West Australian researchers have shown earlier detection of high blood sugar levels and a new treatment approach can reduce the impact of post-transplant diabetes in patients undergoing kidney transplants.
Nearly half of all people who receive a new kidney will develop post-transplant diabetes mellitus (PTDM), which is sparked by immunosuppressive therapy, within 12 months of surgery.
PTDM is a serious complication of transplantation that can make organ rejection more likely and lead to an increased risk of death, and predisposes patients to health complications linked to diabetes.
Renal physician Dr Aron Chakera has undertaken a study of West Australian kidney transplant patients, with funding of a $75,000 grant from Diabetes Research WA, which has shown researchers using a newer oral antidiabetic drug was very beneficial.
“Instead of using the conventional medications to treat post-transplant diabetes in these patients, we used the newer DPP4 inhibitor linagliptin and found this fresh approach could reduce the long-term risk of impaired blood glucose control,” he said.
A year after their kidney transplant, only 15 per cent of patients who developed post-transplant diabetes mellitus still needed the medication to help manage their blood sugar levels – the other 85 per cent were able to stop the treatment because their beta cell function and insulin resistance were improved to a level that matched patients who did not have PTDM.
“This is an incredibly powerful result that significantly reduces the risk of these people developing diabetes-related complications such as eye disease and nerve damage which tends to be irreversible,” said Dr Chakera.
An earlier phase of the study found fructosamine could be a superior test to the usual HbA1c method to diagnose new onset diabetes earlier in these patients.
The findings were published in the international medical journal Transplantation*.
Diabetes Research WA executive director Sherl Westlund described the findings as important.
“It’s very exciting to be able to slash the chances of kidney transplant recipients having to live with this form of type 2 diabetes and its potential health challenges and we’re proud to have funded such vital research.”
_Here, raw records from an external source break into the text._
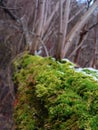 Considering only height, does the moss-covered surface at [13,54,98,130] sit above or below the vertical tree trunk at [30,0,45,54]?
above

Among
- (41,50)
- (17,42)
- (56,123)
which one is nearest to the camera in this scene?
(56,123)

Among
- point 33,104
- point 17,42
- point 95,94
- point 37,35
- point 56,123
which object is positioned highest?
point 95,94

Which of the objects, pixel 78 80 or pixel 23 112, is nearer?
pixel 78 80

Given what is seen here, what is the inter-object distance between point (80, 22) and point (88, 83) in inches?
103

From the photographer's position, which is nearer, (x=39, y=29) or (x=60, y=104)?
(x=60, y=104)

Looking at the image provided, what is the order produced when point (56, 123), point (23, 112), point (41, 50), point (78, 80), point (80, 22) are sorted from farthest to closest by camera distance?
point (41, 50) < point (80, 22) < point (23, 112) < point (78, 80) < point (56, 123)

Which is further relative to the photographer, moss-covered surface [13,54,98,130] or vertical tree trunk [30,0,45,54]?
vertical tree trunk [30,0,45,54]

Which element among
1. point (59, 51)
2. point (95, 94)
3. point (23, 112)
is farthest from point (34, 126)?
point (59, 51)

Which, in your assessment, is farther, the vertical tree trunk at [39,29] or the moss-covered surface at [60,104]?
the vertical tree trunk at [39,29]

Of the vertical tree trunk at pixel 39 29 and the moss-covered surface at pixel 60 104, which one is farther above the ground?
the moss-covered surface at pixel 60 104

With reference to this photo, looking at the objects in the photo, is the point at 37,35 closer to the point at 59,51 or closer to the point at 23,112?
the point at 59,51

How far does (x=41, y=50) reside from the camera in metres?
6.44

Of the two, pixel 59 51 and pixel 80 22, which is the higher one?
pixel 80 22

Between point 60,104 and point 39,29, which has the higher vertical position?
point 60,104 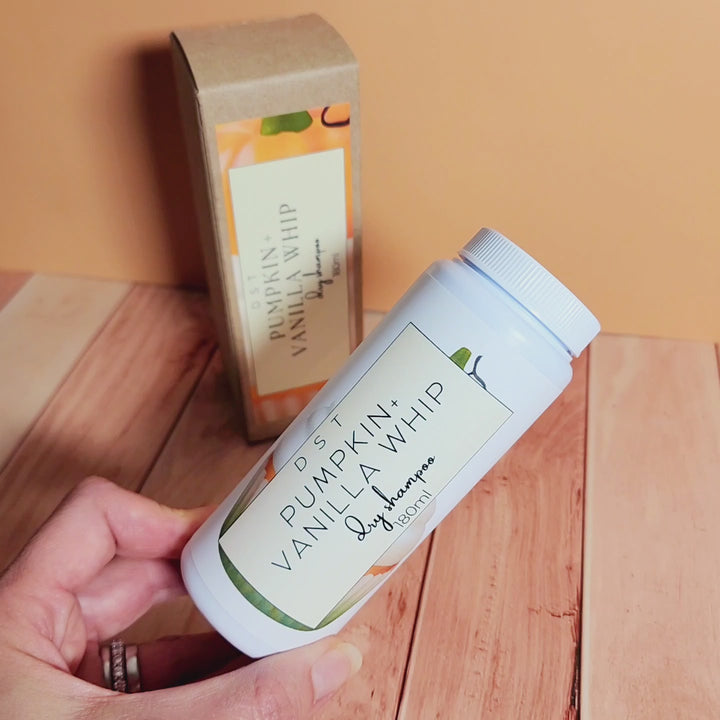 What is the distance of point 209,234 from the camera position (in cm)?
51

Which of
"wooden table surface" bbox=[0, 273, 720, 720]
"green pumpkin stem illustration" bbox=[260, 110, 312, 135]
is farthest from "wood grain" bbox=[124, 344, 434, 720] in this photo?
"green pumpkin stem illustration" bbox=[260, 110, 312, 135]

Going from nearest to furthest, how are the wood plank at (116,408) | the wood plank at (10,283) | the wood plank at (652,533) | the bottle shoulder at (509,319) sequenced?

PTDM is believed to be triggered by increased insulin resistance and reduced insulin secretion, both of which can be side effects of the immunosuppressive drugs given to transplant patients to reduce the chances of their body rejecting their new organ.
DPP4 inhibitors work by promoting insulin secretion from pancreatic beta cells.
Dr Chakera will share further details of his work at Diabetes Research WA’s ‘Explore Diabetes’ Expo on Wednesday July 11 in Wembley.